Material for this exercise.
[Start of Attachment]
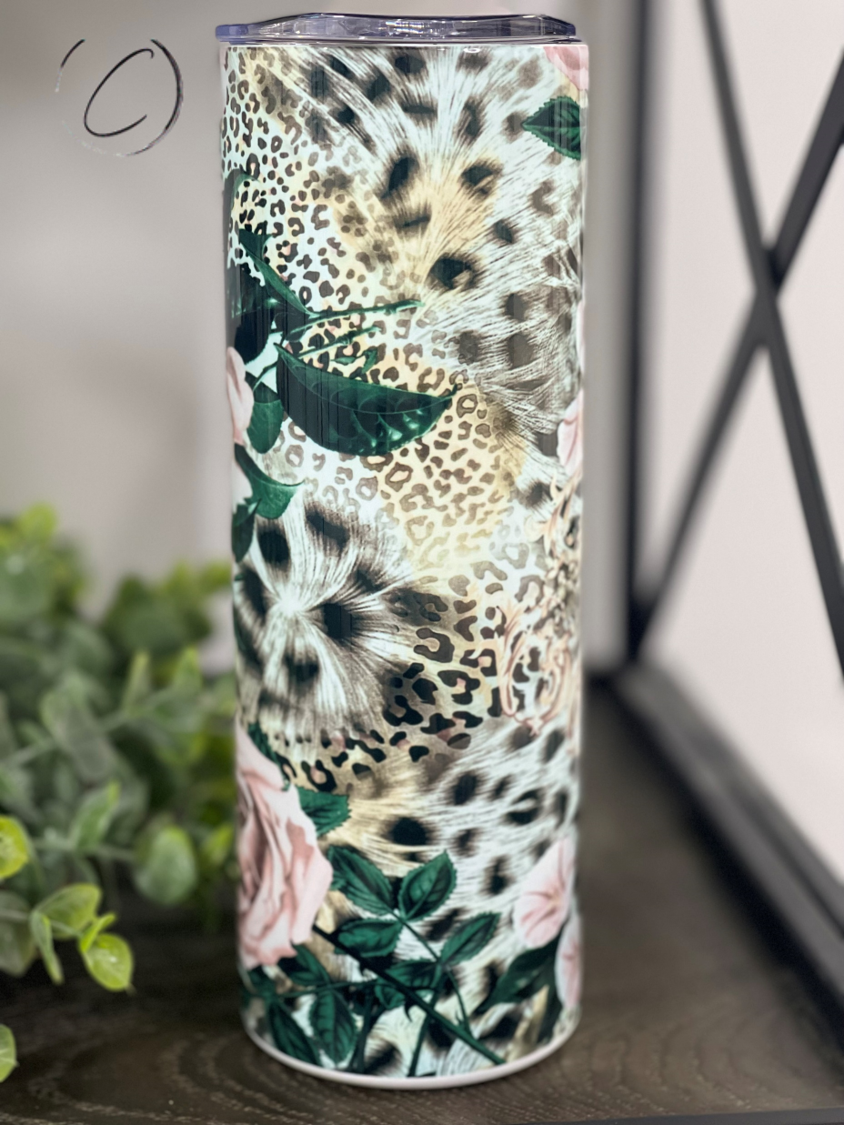 Feisty Floral 20oz Skinny Tumbler featuring a vibrant floral design, reusable straw, and durable construction.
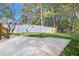 The home has a spacious backyard with a wooden fence and a concrete patio at 2190 Lang Sw Dr, Atlanta, GA 30315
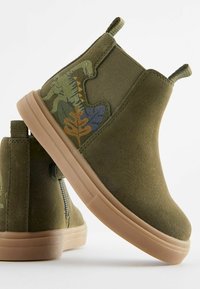 Cizme de gleznă din suede verde, cu talpă din cauciuc bej, având un design cu dinozauri și frunze pe lateral, laterale elastice și bucle de tragere.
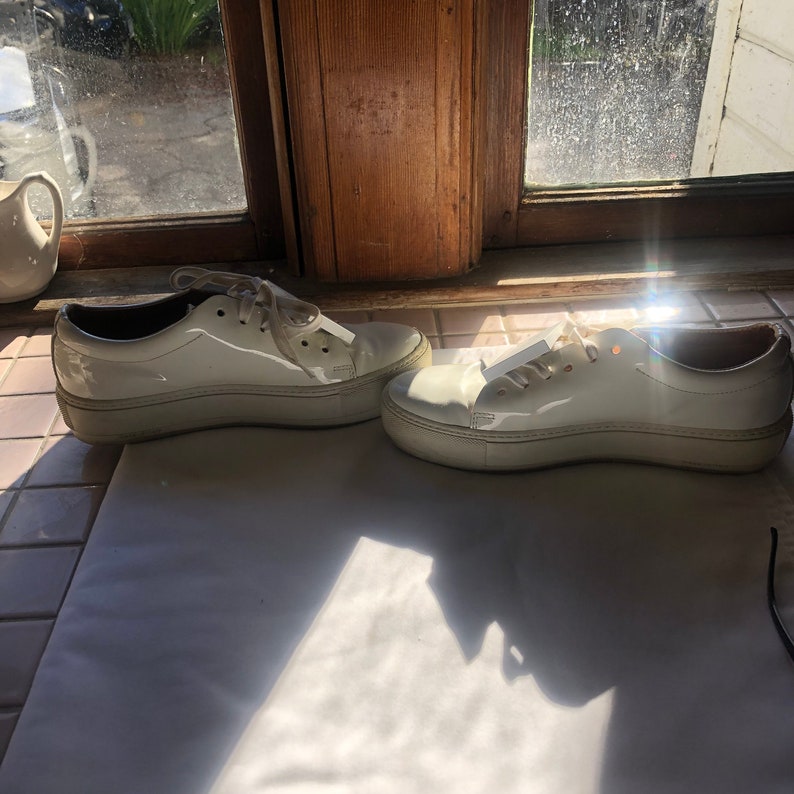 May include: A pair of white patent leather platform trainers with white laces. The trainers are on a white tiled floor.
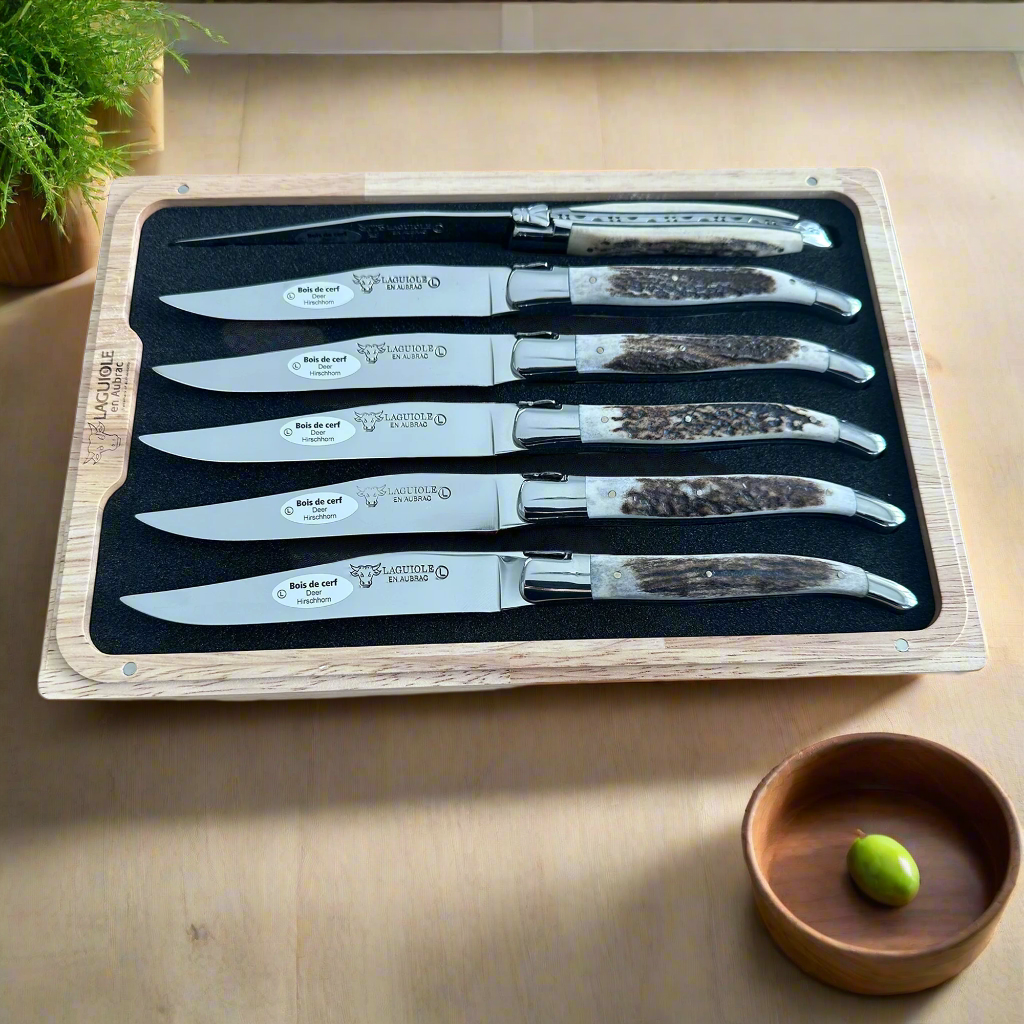 Boxed antler knives on a wooden table beside a small bowl with an olive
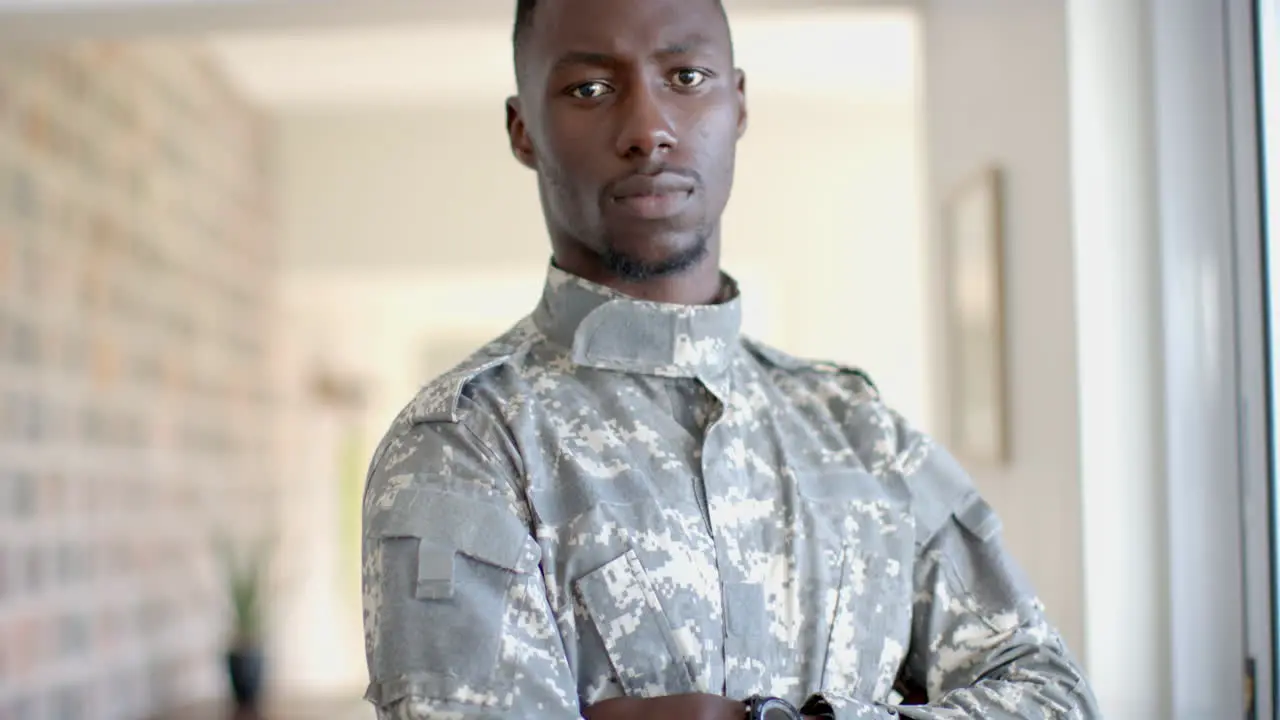 Young African American soldier in military uniform stands confidently at home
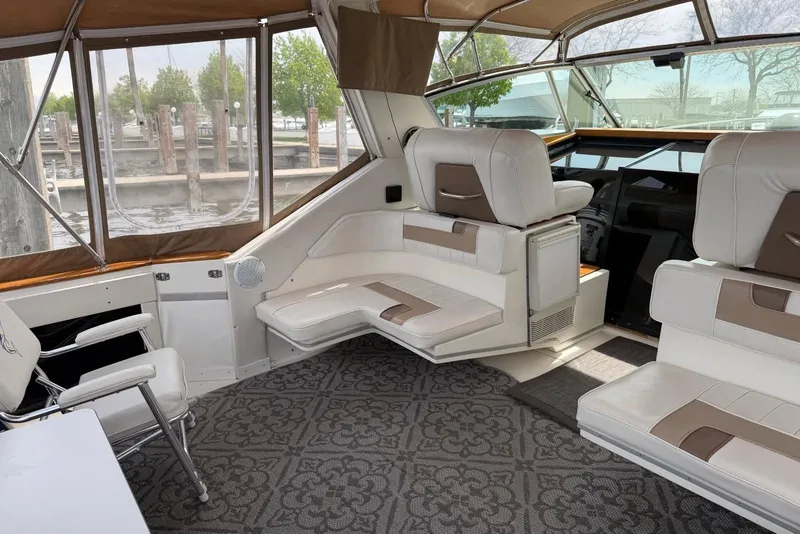 Slide: The Image of 1989 Sea Ray 390 Express Cruiser interior with white seating and patterned carpet. - 28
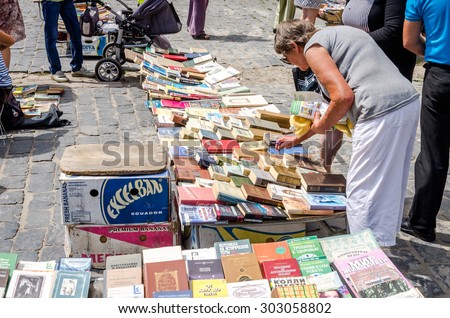 Lviv, Ukraine - CIRCA July 2015: Men and women choose and buy, and sellers are selling old rare books and vintage items in the book market near the monument to Fedorov in Lviv, Ukraine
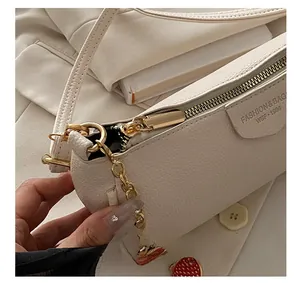 Detail of lychee pattern leather handbag with gold zipper and strawberry pendant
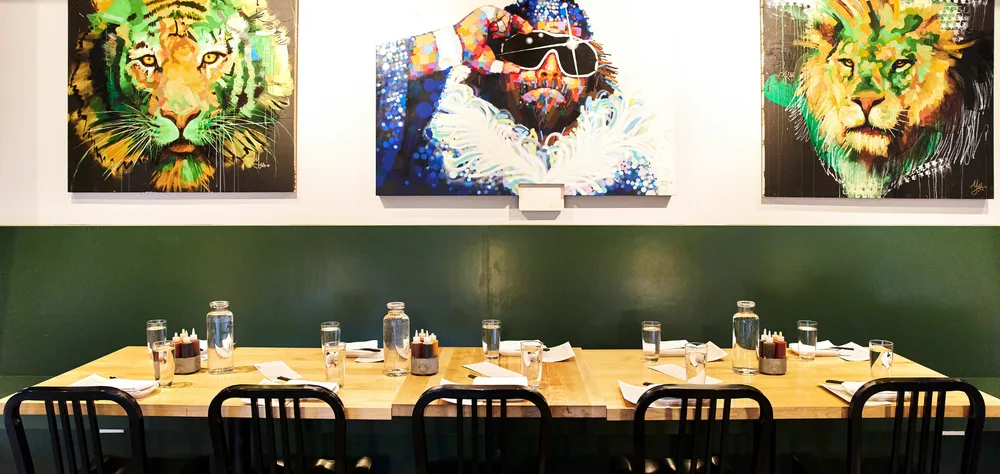 Dining tables beneath artwork at Revel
[End of Attachment]
Work order. Please produce an exact copy of all the material, leaving out the pictures.

Reply to the exercise.
 Feisty Floral 20oz Skinny Tumbler featuring a vibrant floral design, reusable straw, and durable construction.
 The home has a spacious backyard with a wooden fence and a concrete patio at 2190 Lang Sw Dr, Atlanta, GA 30315
 Cizme de gleznă din suede verde, cu talpă din cauciuc bej, având un design cu dinozauri și frunze pe lateral, laterale elastice și bucle de tragere.
 May include: A pair of white patent leather platform trainers with white laces. The trainers are on a white tiled floor.
 Boxed antler knives on a wooden table beside a small bowl with an olive
 Young African American soldier in military uniform stands confidently at home
 Slide: The Image of 1989 Sea Ray 390 Express Cruiser interior with white seating and patterned carpet. - 28
 Lviv, Ukraine - CIRCA July 2015: Men and women choose and buy, and sellers are selling old rare books and vintage items in the book market near the monument to Fedorov in Lviv, Ukraine
 Detail of lychee pattern leather handbag with gold zipper and strawberry pendant
 Dining tables beneath artwork at Revel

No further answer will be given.